Work instruction » Below are the records; give again exactly the line with "CL-4000間歇式瀝青混合料攪拌站", the line with "NOVOOO Pro Sichtmappen", and each line that lies between them, and nothing besides.

# # # # #

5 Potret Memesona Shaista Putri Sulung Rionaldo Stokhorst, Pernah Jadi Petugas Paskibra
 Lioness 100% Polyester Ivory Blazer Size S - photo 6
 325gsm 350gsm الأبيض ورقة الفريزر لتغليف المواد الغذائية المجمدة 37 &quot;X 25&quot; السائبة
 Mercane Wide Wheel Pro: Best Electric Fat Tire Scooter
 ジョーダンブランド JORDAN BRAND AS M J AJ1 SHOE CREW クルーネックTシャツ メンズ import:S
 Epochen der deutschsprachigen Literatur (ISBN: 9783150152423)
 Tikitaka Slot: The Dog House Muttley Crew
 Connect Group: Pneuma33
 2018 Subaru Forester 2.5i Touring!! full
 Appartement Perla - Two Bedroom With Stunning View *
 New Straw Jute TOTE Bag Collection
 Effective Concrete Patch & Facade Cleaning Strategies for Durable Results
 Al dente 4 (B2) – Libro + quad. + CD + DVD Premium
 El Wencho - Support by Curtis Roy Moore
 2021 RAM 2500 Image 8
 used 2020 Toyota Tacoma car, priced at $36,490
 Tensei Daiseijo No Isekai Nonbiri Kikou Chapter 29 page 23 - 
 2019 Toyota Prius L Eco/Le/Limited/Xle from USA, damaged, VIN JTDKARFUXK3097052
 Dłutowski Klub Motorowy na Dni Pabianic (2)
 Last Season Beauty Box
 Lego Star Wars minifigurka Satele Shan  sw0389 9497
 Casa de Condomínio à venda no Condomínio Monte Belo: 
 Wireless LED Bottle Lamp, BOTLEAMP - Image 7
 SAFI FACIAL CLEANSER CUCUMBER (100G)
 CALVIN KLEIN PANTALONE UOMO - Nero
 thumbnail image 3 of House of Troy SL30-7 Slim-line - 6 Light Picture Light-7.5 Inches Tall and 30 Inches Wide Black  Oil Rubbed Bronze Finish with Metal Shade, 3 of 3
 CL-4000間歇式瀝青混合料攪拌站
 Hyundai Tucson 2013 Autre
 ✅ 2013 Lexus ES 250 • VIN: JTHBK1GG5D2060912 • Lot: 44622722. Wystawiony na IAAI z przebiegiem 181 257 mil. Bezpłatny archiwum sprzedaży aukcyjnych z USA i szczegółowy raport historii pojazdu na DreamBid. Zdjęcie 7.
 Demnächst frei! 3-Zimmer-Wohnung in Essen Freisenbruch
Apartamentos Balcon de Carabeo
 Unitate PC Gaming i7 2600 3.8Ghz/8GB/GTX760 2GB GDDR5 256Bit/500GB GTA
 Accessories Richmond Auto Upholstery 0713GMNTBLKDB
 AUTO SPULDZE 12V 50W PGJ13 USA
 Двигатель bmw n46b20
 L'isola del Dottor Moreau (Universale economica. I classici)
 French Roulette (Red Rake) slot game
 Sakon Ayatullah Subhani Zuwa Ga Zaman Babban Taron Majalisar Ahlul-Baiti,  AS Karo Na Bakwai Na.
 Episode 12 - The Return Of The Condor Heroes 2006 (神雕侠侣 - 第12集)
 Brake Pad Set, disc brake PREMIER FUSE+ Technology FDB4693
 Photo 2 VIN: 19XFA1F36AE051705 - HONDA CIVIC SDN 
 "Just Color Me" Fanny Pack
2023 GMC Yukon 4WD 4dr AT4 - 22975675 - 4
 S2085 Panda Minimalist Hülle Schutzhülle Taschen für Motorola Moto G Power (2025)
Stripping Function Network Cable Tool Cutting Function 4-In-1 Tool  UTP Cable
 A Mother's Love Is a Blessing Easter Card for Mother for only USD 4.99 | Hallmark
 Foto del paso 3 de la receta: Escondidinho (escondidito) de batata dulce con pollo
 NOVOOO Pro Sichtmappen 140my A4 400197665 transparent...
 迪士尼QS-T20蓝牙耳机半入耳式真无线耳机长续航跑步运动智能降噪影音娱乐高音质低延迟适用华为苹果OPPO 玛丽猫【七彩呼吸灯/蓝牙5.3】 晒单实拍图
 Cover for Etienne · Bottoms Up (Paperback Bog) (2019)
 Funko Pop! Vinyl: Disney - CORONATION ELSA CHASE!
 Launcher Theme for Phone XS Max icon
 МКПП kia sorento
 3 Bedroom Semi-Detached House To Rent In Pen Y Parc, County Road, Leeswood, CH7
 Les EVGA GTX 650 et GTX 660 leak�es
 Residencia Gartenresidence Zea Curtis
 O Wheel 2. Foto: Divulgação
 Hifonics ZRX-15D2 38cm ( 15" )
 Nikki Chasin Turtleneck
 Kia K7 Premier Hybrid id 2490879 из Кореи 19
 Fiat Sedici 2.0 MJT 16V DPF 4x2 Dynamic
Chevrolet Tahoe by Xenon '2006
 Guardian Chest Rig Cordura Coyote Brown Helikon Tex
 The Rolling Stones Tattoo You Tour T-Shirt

# # # # #

Solution »
 CL-4000間歇式瀝青混合料攪拌站
 Hyundai Tucson 2013 Autre
 ✅ 2013 Lexus ES 250 • VIN: JTHBK1GG5D2060912 • Lot: 44622722. Wystawiony na IAAI z przebiegiem 181 257 mil. Bezpłatny archiwum sprzedaży aukcyjnych z USA i szczegółowy raport historii pojazdu na DreamBid. Zdjęcie 7.
 Demnächst frei! 3-Zimmer-Wohnung in Essen Freisenbruch
Apartamentos Balcon de Carabeo
 Unitate PC Gaming i7 2600 3.8Ghz/8GB/GTX760 2GB GDDR5 256Bit/500GB GTA
 Accessories Richmond Auto Upholstery 0713GMNTBLKDB
 AUTO SPULDZE 12V 50W PGJ13 USA
 Двигатель bmw n46b20
 L'isola del Dottor Moreau (Universale economica. I classici)
 French Roulette (Red Rake) slot game
 Sakon Ayatullah Subhani Zuwa Ga Zaman Babban Taron Majalisar Ahlul-Baiti,  AS Karo Na Bakwai Na.
 Episode 12 - The Return Of The Condor Heroes 2006 (神雕侠侣 - 第12集)
 Brake Pad Set, disc brake PREMIER FUSE+ Technology FDB4693
 Photo 2 VIN: 19XFA1F36AE051705 - HONDA CIVIC SDN 
 "Just Color Me" Fanny Pack
2023 GMC Yukon 4WD 4dr AT4 - 22975675 - 4
 S2085 Panda Minimalist Hülle Schutzhülle Taschen für Motorola Moto G Power (2025)
Stripping Function Network Cable Tool Cutting Function 4-In-1 Tool  UTP Cable
 A Mother's Love Is a Blessing Easter Card for Mother for only USD 4.99 | Hallmark
 Foto del paso 3 de la receta: Escondidinho (escondidito) de batata dulce con pollo
 NOVOOO Pro Sichtmappen 140my A4 400197665 transparent...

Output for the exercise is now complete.